Permanent Vacation (1980)


Jim Jarmusch is one of those idiosyncratic filmmakers whom one only discusses in furtive whispers behind bookshelves of Proust, his curious filmography having spread almost by word of mouth. If the shock of platinum hair has always rendered him visually memorable his cinematic studies of curious unorthodox characters has become a filmic trope in American independent circles.

Permanent Vacation was his first full length feature - though even that clocks in at a comparatively lowly 75 minutes. We follow Morrissey-lookalike Ally Parker a daydreaming teenager with a furious wanderlust, both in temporal and spatial terms. Temporal because his music tastes and sartorial look is based on 50s rock'n'roll/teddy boy, slicked back hair; spatial in the sense that he is perennially walking around New York City, but with always with an eye on other places. He's searching for new experiences and locations but never with any intention of settling anywhere, a permanently fleeting spirit with nothing to tie him down. And it's something that he revels in, enjoying the disapproval others have for the manner in which he conducts his life.

Ally explores the broken urban backstreets of America encountering characters stricken by the ruthless pedagogical systems, living amongst the rubble of ruined buildings.
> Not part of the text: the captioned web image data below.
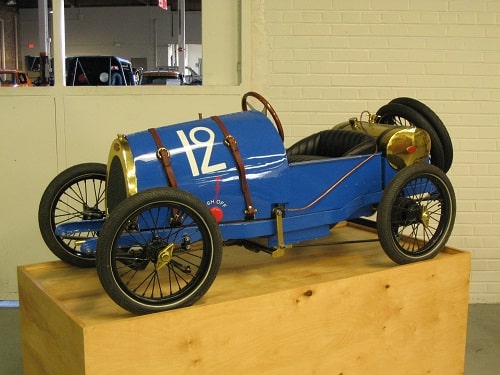 bugatti_type_13_9_16_scale_web1a.jpg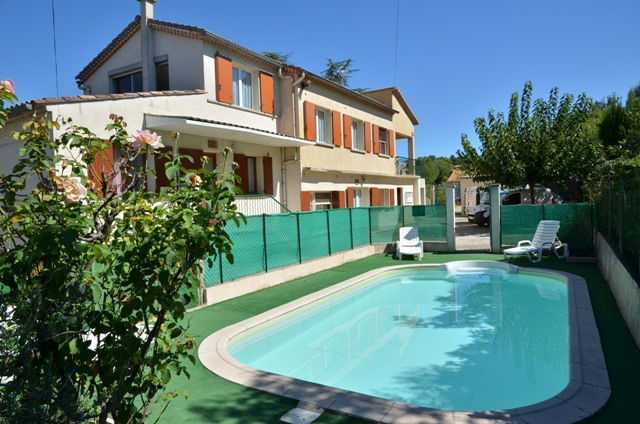 Oberoende Studio Lézan 40928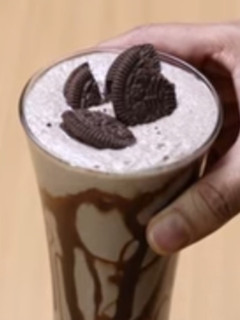 ઓરીઓ મિલ્ક શેક (Oreo Milk Shake Recipe In Gujarati) રેસીપી મુખ્ય ફોટો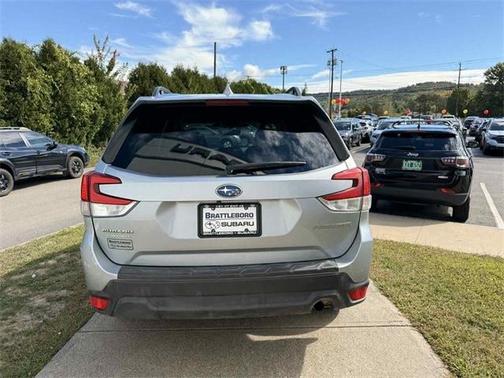 2022 Subaru Forester Premium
But he decides to leave for Paris, though not before meeting an exact French replica of himself going in the other direction: both are enigmatic and laid-back, though seeking a kind of reassurance from the other that their respective cities are worthy of boots-on-the-ground exploration.
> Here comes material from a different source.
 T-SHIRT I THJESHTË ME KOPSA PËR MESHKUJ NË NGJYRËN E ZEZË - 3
Travel, the wandering nature and resistance to a conventional life - jobs, families et cetera - are modes of living that have always appealed to me; thus I see in Permanent Vacation a beautiful idealism, a search for adventure and uncovering of the unknown that appeals to me personally. Constant itinerancy has a romance.

This debut is more a demonstration of Jarmusch's writing abilities - to capture unusual characters in episodic fashion relinquishing the restricting necessity of a plotline. It's a strange beginning to a career but wholesome and curiously optimistic.